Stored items
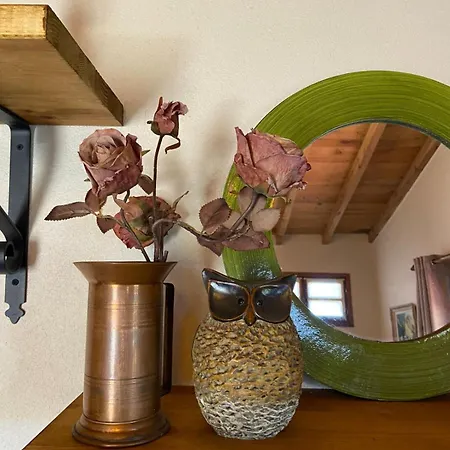 Casa Da Carolina Σπίτι διακοπών Lousã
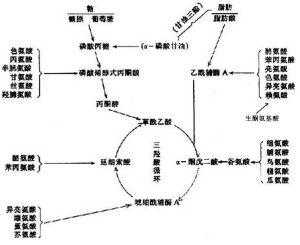 乙酸的消化过程（乙酸的活化）-图1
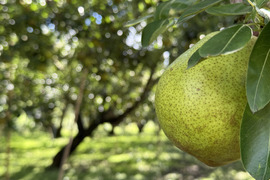 3kg★名和果樹園の贈答用特秀大玉ラフランス★山形県産3L320g以上★7〜9玉★産地直送お取り寄せ通販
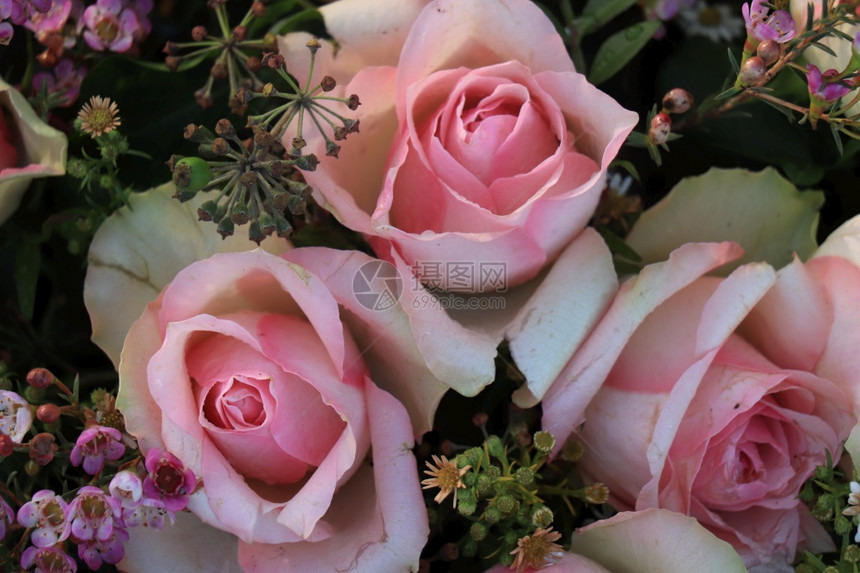 花朵婚礼安排中的粉红玫瑰图片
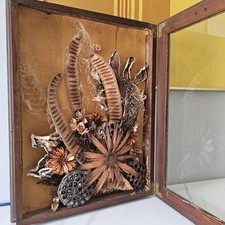 Antique Victorian Mourning Shadow Box Dried Flowers, Pods Glass Wood  21.5x16.5
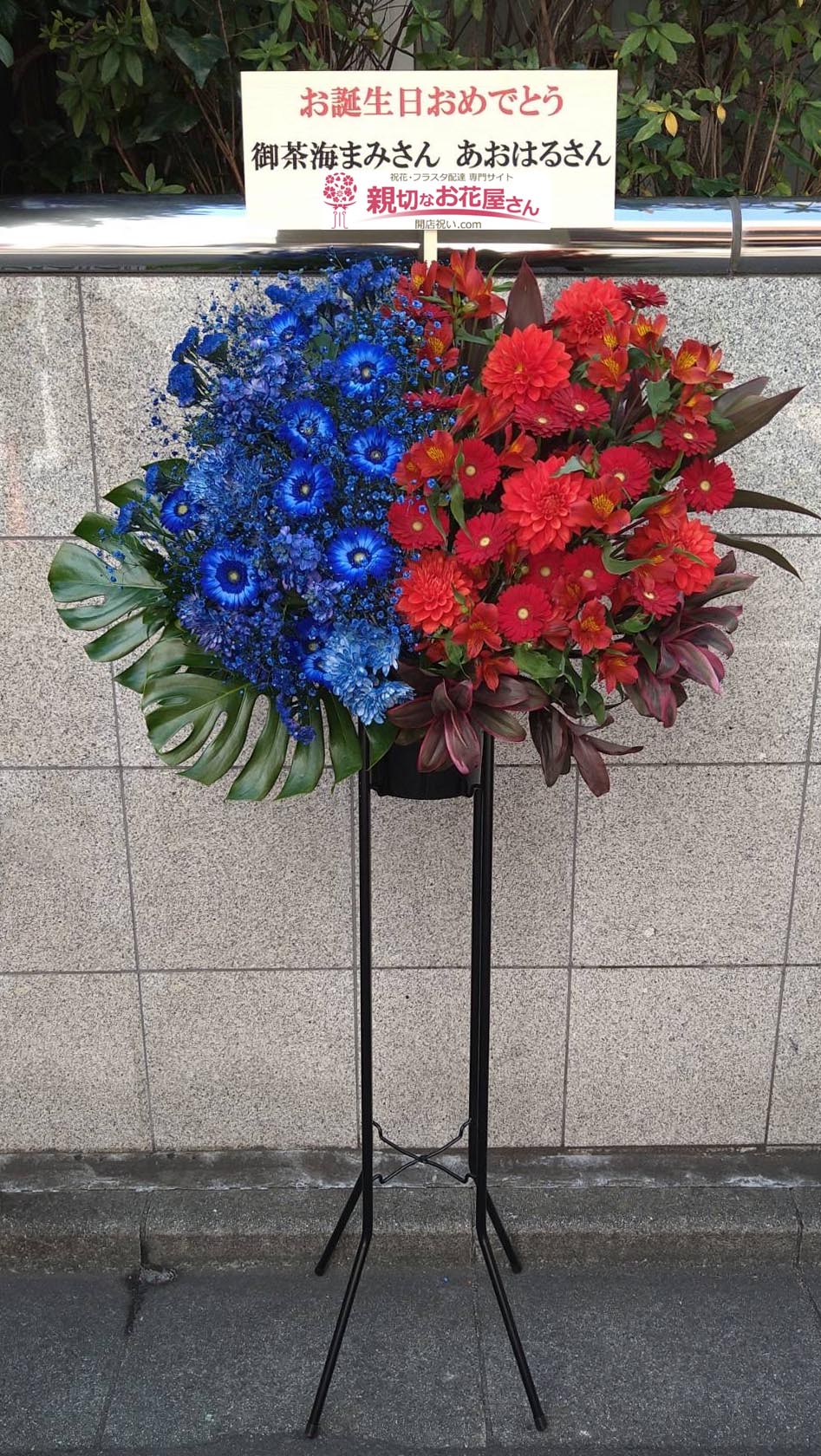 祝花 生誕祭祝いスタンド花 東京都渋谷区道玄坂 渋谷la Mama 御茶海マミ あおはる なんちゃら合同生誕ライブ 御茶海まみ 様 あおはる 様 親切なお花屋さん 開店祝い Com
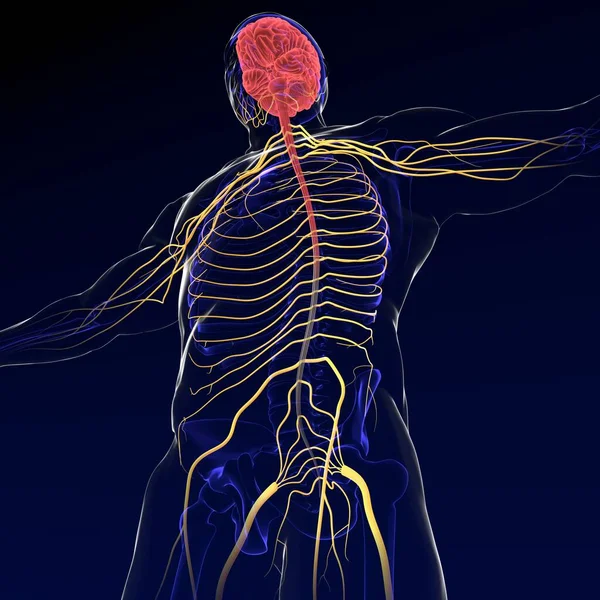Ілюстрація Мозку Нервовою Системою Рендерингу — стокове фото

> _WHAT THE TASK ASKS_: Skip every picture. Repeat word for word the lines from the line holding "祝花 生誕祭祝いスタンド花 東京都渋谷区道玄坂" through the end of the entries above.

> _EXERCISE RESPONSE_:
 祝花 生誕祭祝いスタンド花 東京都渋谷区道玄坂 渋谷la Mama 御茶海マミ あおはる なんちゃら合同生誕ライブ 御茶海まみ 様 あおはる 様 親切なお花屋さん 開店祝い Com
Ілюстрація Мозку Нервовою Системою Рендерингу — стокове фото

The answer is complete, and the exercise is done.